Mueller indictment forces Trump camp to acknowledge meddling by Russians
▶ Document says agents stole identities of US citizens and posted inflammatory messages in 2016 election campaign
Donald Trump and the White House yesterday offered their first, careful admissions that Russian agents meddled in the 2016 election hours after the man leading the Russia investigation unveiled a broad indictment.
For months the president has dismissed the allegations as a hoax and his allies attacked the investigation as an attempt to undermine his surprise win.
But yesterday, H R McMaster, the National Security Adviser, said: “As you can see with the FBI indictment, the evidence is now really incontrovertible and available in the public domain.”.
He was speaking at the Munich Security Conference hours after Mr Trump also appeared to concede that the allegations were true.
Analysts said there was little prospect that the 37-page indictment would lead to prosecutions.
They said Robert Mueller, the special counsel leading the investigation, had delivered a story of Russian interference that would shock the American public and make it harder for Republicans to write off his investigation as a witch hunt.
The document offers stunning detail about how 13 Russian agents stole the identities of American citizens to pose as political activists and post inflammatory messages about hot-button topics such as race and immigration to manipulate the campaign.
They swamped social media with misinformation and organised rallies with the “strategic goal to sow discord in the US political system”.
So convincing were their efforts that some of the Russians were also in touch with “unwitting individuals associated with the Trump campaign”.
But Mr Mueller stopped short of concluding there had been any collusion with the Trump team.

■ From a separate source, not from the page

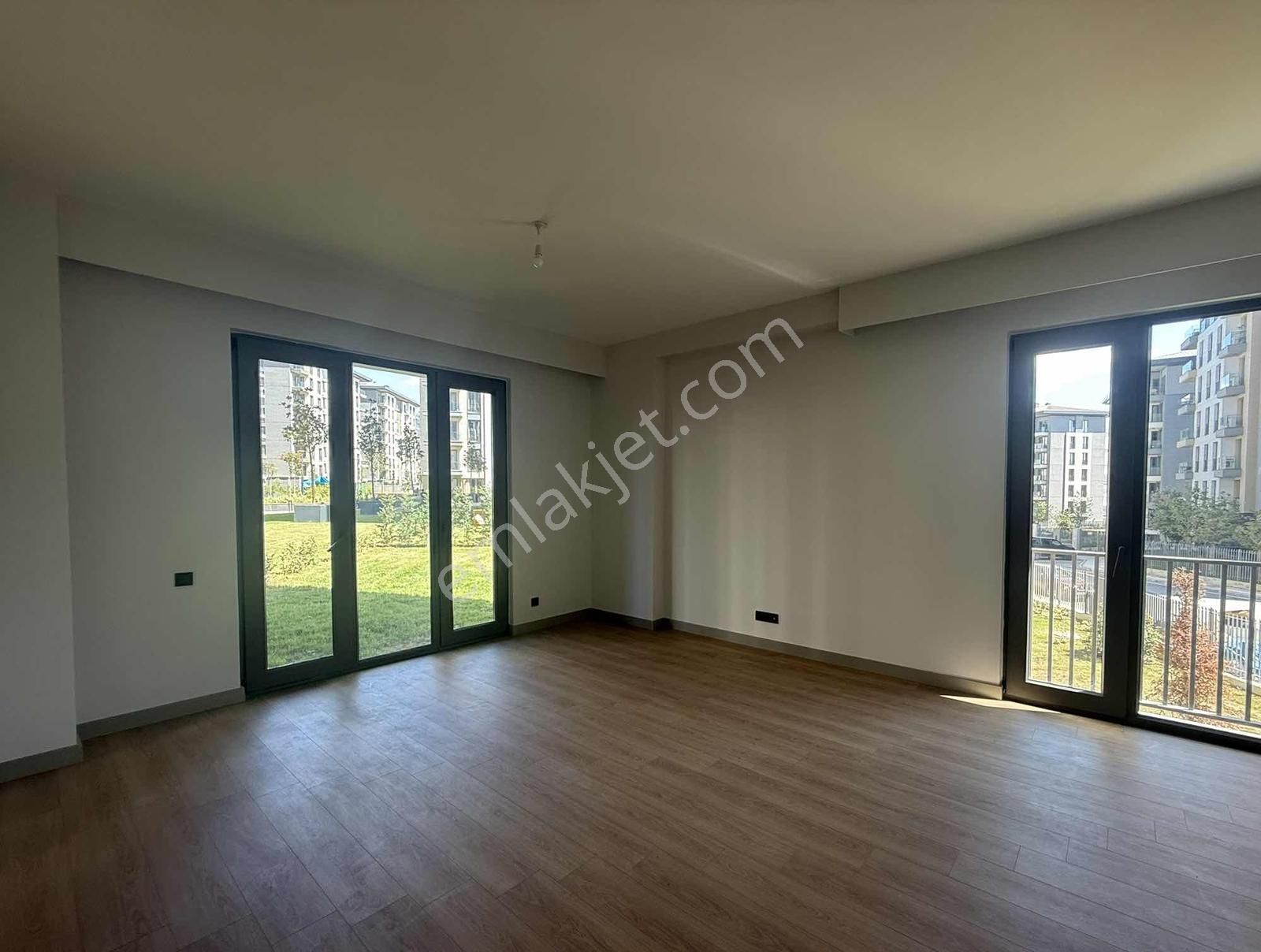 Emlak Konut Çınarköy / Bahçe Katı / Satılık Borçsuz 3+1 Daire - Görsel 6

Those indicted include a businessman nicknamed “Putin’s chef” who is accused of bankrolling a “troll farm” in St Petersburg, an IT expert who used computer servers to disguise the farm’s location and a female spy who entered the US in 2014 to gather intelligence.
Mr Trump, after months of dismissing the investigation as fake news, offered his most direct acknowledgement that Russia had meddled in the election.
“Russia started their anti-US campaign in 2014, long before I announced that I would run for President,” he wrote on Twitter. “The results of the election were not impacted. The Trump campaign did nothing wrong – no collusion.”
For their part, Russian officials shrugged off the allegations or treated them with scorn.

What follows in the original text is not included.